What is being asked =>
Would you please copy the part of the material below that opens with the line containing "KNOB BLACK ϕ 50 mm 1-2-3-4-5-6-7-8" and closes with the line containing "Ruby and rose gold bracelet - Image 4 of 7"? Copy it exactly, and only it.
■ ■ ■
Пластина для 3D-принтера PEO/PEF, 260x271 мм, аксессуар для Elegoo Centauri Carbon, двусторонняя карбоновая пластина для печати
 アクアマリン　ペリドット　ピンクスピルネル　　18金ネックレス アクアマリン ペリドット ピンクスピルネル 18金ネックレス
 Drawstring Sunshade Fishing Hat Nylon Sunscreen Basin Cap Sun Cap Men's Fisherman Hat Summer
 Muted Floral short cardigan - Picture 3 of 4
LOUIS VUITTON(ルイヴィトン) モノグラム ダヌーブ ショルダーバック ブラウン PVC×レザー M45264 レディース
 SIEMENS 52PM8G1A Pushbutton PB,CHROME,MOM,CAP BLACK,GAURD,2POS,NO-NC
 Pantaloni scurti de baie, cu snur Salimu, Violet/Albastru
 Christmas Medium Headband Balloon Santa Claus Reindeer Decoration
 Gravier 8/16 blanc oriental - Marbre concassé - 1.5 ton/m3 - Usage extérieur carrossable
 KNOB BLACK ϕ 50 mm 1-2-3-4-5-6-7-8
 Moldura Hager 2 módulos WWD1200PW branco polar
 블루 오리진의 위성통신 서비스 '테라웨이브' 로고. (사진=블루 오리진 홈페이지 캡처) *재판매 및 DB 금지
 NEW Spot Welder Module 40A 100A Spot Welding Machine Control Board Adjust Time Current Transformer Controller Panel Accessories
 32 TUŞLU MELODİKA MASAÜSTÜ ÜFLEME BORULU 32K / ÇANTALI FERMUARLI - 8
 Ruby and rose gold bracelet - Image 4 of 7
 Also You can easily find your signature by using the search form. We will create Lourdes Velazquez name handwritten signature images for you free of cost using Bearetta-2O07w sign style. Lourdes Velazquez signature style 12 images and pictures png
■ ■ ■
Solution below =>
 KNOB BLACK ϕ 50 mm 1-2-3-4-5-6-7-8
 Moldura Hager 2 módulos WWD1200PW branco polar
 블루 오리진의 위성통신 서비스 '테라웨이브' 로고. (사진=블루 오리진 홈페이지 캡처) *재판매 및 DB 금지
 NEW Spot Welder Module 40A 100A Spot Welding Machine Control Board Adjust Time Current Transformer Controller Panel Accessories
 32 TUŞLU MELODİKA MASAÜSTÜ ÜFLEME BORULU 32K / ÇANTALI FERMUARLI - 8
 Ruby and rose gold bracelet - Image 4 of 7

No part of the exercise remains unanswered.